La série Triple Crown a été conçue pour être géométriquement et mécaniquement aussi cohérente que possible, quel que soit le degré de déviation, afin d'obtenir un niveau de distorsion marginalement bas et constant. La quantité et le diamètre des conducteurs en argent dans cette gamme particulière n'ont pas facilité l'atteinte de cet objectif. La race haut de gamme de Siltech a également été développée pour neutraliser le champ magnétique reconnu par Edwin comme la source des distorsions parasites, qui influencent le matériel à proximité et les connexions entre les deux. L'homme voulait aboutir à un câble actif sur une large bande passante pour faire le même travail quel que soit le type d'alimentation. La plateforme de simulation physique COMSOL, développée par la NASA, a été utilisée pour parvenir à ce résultat, mais la R&D néerlandaise utilise également de nombreux outils de mesure et ses propres fours. Depuis des années, Siltech utilise des conducteurs en argent monocristallin moulés en interne au lieu de fils OEM.
En raison de son épaisseur et de sa masse considérables, le Siltech Triple Crown n'est pas le plus facile à utiliser et doit disposer de suffisamment d'espace. Sur ce point, mon LessLoss C-MARC est loin d'être aussi restrictif, mais la section la plus épaisse du produit hollandais, entre ses deux grands éléments filtrants dorés, est agréablement flexible, ce qui est assez surprenant. En vérité, même si un câble d'alimentation n'est pas très pratique à utiliser, il est fort probable qu'il reste en place pendant longtemps une fois branché. C'est pourquoi je considère les difficultés d'utilisation associées à ce type de produit comme un cas unique négligeable et l'article de cette revue était suffisamment maniable pour que je n'aie pas à réorganiser l'espace derrière mon rack.
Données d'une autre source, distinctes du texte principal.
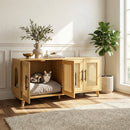 Myra Indoor Premium Rubber Wood Cat Cabinet with Plush Cushion by HouseOfZazla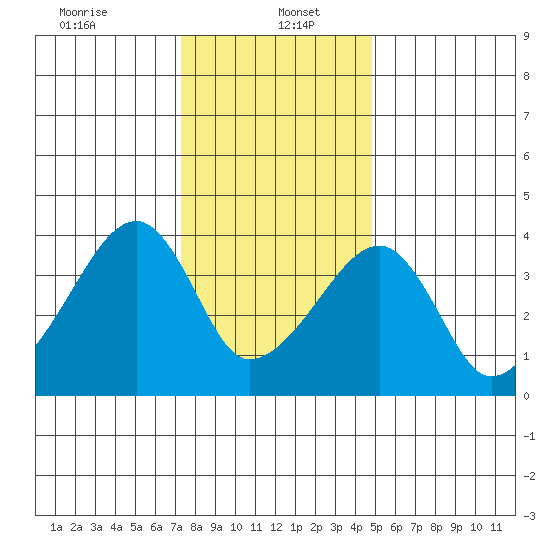 Dennis Creek Route 47 tide chart for Friday, January 5, 2024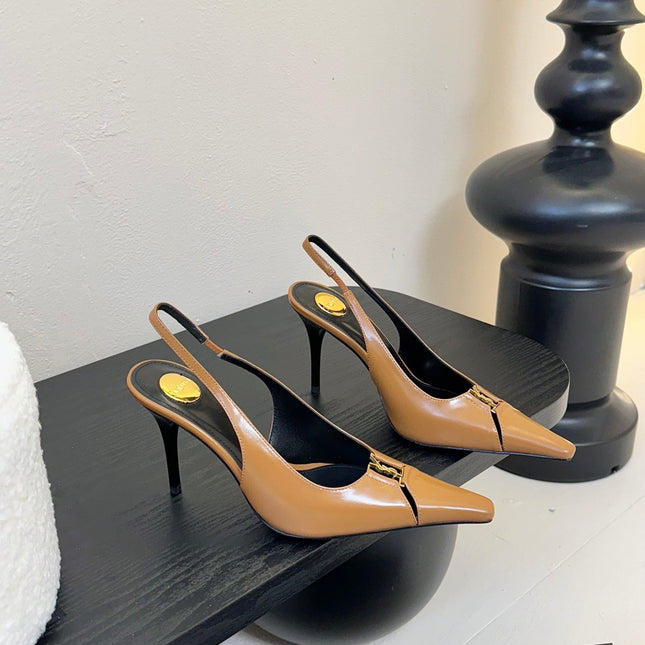 BABYLONE BRETEUIL SLINGBACK 85 MM PUMPS IN PEANUT BROWN SMOOTH LEATHER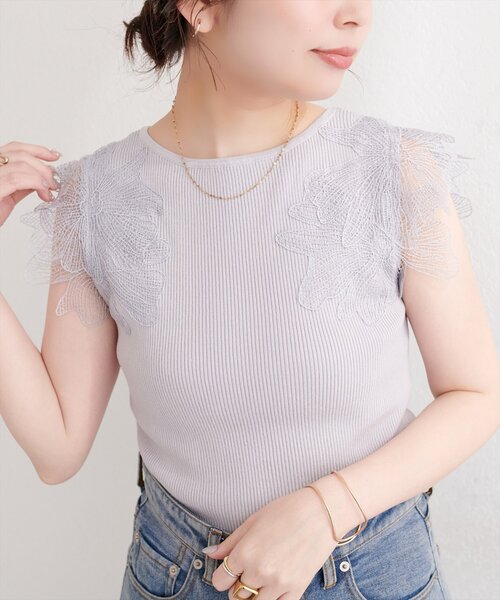 natural couture ニット セーター フラワーレースノースリニット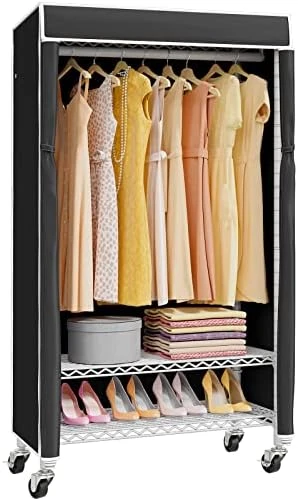 VIPEK R1C Plus Rolling Clothes Rack With Cover Portable Closet For Hanging Clothes, Heavy Duty Garment Rack Freestanding Clothing Rack With Wheels & Hanging Rod, White Closet Rack With Black Cover 6 VIPEK R1C Plus Rolling Clothes Rack With Cover Portable Closet For Hanging Clothes, Heavy Duty Garment Rack Freestanding Clothing Rack With Wheels & Hanging Rod, White Closet Rack With Black Cover - Image 6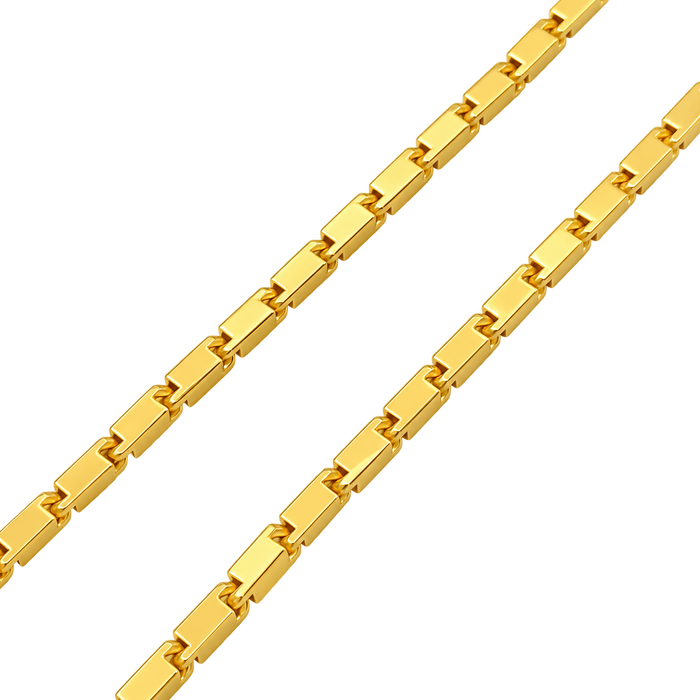 3.5MM Baht chain with polished yellow gold links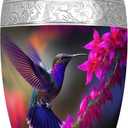Urn for Ashes for Women & Men, Cremation Urns for Human Ashes Adult Female & Male, Funeral Decorative Urns for Burial, Hand Engraving, Purple Hummingbird Urn, Flower & Bird - Large Full Size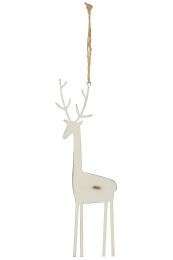 Hanger Reindeer Metal White 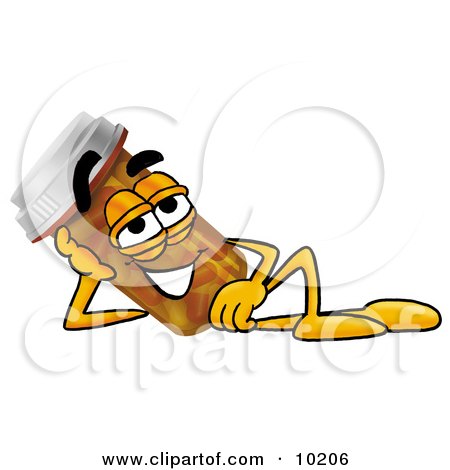 Clipart Picture of a Pill Bottle Mascot Cartoon Character Resting His Head on His Hand by Mascot Junction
Contrairement au reste du troupeau Triple Crown, son représentant secteur n'est pas chargé avec les fiches propriétaires de Siltech, mais a ses deux extrémités finies avec les modèles de la série NCF de Furutech ; FI-50 NCF et FI-E50 NCF. Les sections bleues qui vont de ces fiches aux pièces en aluminium doré sont rigides, contrairement au serpent épais de même couleur que l'on trouve entre ces lourdes boîtes. Celui-ci est également surmonté d'une tresse noire. Les deux parties dorées sont visuellement agréables, mais leur rôle principal est de réduire les vibrations. Même si le produit ne peut être utilisé que dans un seul sens, les flèches directionnelles ont trouvé leur place sur les plaques collées aux cubes d'aluminium. Dans l'ensemble, la qualité de fabrication du Siltech Triple Crown est très élevée et cela se voit, car on a l'impression d'avoir affaire à un produit très coûteux.

Son
Afin d'évaluer le Siltech Triple Crown, j'ai utilisé ma configuration quotidienne ; fidata HFAS-S10U comme stockage/streamer et LampizatOr Pacific (KR Audio T-100 + KR Audio 5U4G Ltd. Ed.) pour le travail D/A. De là, le signal est passé à l'équipe Accuphase P-4500/C-2150, puis à mes enceintes Boenicke W8 ou DearWolf Roe Deer. Les deux câbles d'alimentation néerlandais ont d'abord alimenté l'ensemble japonais avant de passer à la section numérique de mon installation et, dans chaque cas, ils ont été comparés aux câbles secteur LessLoss C-MARC. Chaque composant majeur a été branché sur le conditionneur de puissance GigaWatt PC-3 SE EVO+, relié à l'entrée principale par le LC-3 EVO du même fabricant.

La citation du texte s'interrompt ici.